In view of those pleadings the trial setting of the VW case was cancelled, and on September 7, 1976 the district judge filed a memorandum opinion dealing with the question raised by VW's motion for summary judgment. As noted, that opinion has been published and appears as Clarke v. Volkswagen of America, Inc., 419 F.Supp. 74 (S.D.Ia.1976). The district court ruled that on the record in the litigation as it then stood, including the record in the Burkle case, VW was entitled to summary judgment under Iowa law, which concededly governs the rights of the parties. However, the district judge was understandably concerned by the situation with which he was confronted and was unwilling at the moment to enter summary judgment in favor of VW. Judge Hanson said (419 F.Supp. at 79);
In essence, the Court today is merely ruling that it will not proceed to the merits of the present controversy so long as the record in Civil No. 3-837-W is allowed to stand intact.3
3. The Court's desire to clarify the effect of the judgment and satisfaction filed in the Burkle action is also influenced by certain matters of record herein which indicate that Clarke was incompetent at the time the settlement was negotiated. Burkle was an action before this very court. This Court's concern for the integrity of its judgments and of the proceedings before it is reason alone to forestall proceeding to the merits of the pending case until the matter of the impugned judgment in Burkle is clarified.

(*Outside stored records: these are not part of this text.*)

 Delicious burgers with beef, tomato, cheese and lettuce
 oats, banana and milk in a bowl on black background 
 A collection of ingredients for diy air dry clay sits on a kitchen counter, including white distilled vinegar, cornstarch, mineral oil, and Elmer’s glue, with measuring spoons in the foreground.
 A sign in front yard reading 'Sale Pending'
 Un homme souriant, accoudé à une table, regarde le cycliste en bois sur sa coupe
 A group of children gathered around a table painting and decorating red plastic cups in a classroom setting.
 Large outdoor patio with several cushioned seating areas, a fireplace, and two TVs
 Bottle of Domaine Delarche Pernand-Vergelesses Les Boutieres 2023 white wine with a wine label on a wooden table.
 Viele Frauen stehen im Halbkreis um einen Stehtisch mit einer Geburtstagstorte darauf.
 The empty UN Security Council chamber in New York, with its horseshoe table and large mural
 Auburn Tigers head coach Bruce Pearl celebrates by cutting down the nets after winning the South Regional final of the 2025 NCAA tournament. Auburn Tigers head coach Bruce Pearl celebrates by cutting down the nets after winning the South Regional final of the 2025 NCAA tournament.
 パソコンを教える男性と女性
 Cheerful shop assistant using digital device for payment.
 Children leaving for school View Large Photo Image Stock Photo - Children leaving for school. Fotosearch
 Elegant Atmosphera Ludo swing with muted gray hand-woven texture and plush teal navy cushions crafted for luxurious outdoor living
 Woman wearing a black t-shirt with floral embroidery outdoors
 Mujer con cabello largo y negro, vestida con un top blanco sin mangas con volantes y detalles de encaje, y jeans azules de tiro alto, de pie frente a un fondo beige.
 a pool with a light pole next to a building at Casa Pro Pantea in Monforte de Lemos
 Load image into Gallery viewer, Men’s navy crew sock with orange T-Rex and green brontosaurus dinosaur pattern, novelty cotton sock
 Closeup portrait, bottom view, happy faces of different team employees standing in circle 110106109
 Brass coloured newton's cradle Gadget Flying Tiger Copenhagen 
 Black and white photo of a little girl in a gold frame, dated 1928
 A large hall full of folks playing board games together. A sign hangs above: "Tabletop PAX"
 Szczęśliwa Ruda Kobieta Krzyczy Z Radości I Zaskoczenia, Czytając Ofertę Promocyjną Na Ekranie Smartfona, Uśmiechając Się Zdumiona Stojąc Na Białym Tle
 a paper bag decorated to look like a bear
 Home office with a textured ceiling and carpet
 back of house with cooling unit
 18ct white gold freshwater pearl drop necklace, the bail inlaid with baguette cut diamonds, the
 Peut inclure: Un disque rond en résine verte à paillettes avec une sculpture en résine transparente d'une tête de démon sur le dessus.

While the present state of the record would justify sustaining defendant's summary judgment motion under the views set forth herein, the Court is cognizant of the fact that this litigation has been pending for some time. To avoid the problems inherent in dismissing this case and facing yet another filing if the record in 3-837-W should be modified, the Court deems that the best procedure under the circumstances will be to hold its ruling on the pending summary judgment motion in abeyance to allow the plaintiff to proceed in whatever manner he desires as it relates to the present state of the record in Clarke v. Burkle. Should plaintiff take no action within 30 days, defendant's summary judgment motion will be sustained in accordance with this ruling. All other pending motions in this cause are hereby overruled at this time.
Within the thirty day period allowed by the district court plaintiff, appearing this time by his "father and legal guardian," moved in the old Burkle case for an amendment of the judgment and satisfaction thereof for the purpose "of relieving the plaintiff of the effect of a mistake of law on plaintiff's part, and to show the true intention of the parties, which was not to have the effect of discharging the plaintiff's rights against Volkswagen of America, but merely to discharge the liability of the defendant, Burkle, and to dispose of the cases pending in court, without setting any value on the plaintiff's total damages or discharging the liability of any other person besides Burkle, and specifically to preserve whatever claim plaintiff has against Volkswagen of America."
On October 12, 1976 David S. Lathrop of the Omaha law firm of Lathrop & Albracht entered his appearance in the case as counsel for Mr. Burkle, and on the next day there was filed on behalf of Burkle what amounted to a confession of the plaintiff's motion.
It will be remembered that VW was not a party to the Burkle suit. However, on the same day as that on which Mr. Burkle was confessing plaintiff's motion to amend the record in that case, VW filed a resistance to the motion.
The motion to amend was itself twice amended, and the second amendment was filed after the district court had conducted a hearing on the motion as first amended on November 15, 1976. Both amendments were resisted by VW.
The first amendment to the motion refers specifically to Fed.R.Civ.P. 60(b) and sets out the following grounds for relief from the original judgment in the Burkle case:
1. The stipulation for judgment was not binding on plaintiff and was void because of his mental incompetency.
2. At the time of the judgment plaintiff was not represented by any legally appointed guardian, conservator or guardian ad litem, and the proceedings were never judicially approved by a probate court or any other court.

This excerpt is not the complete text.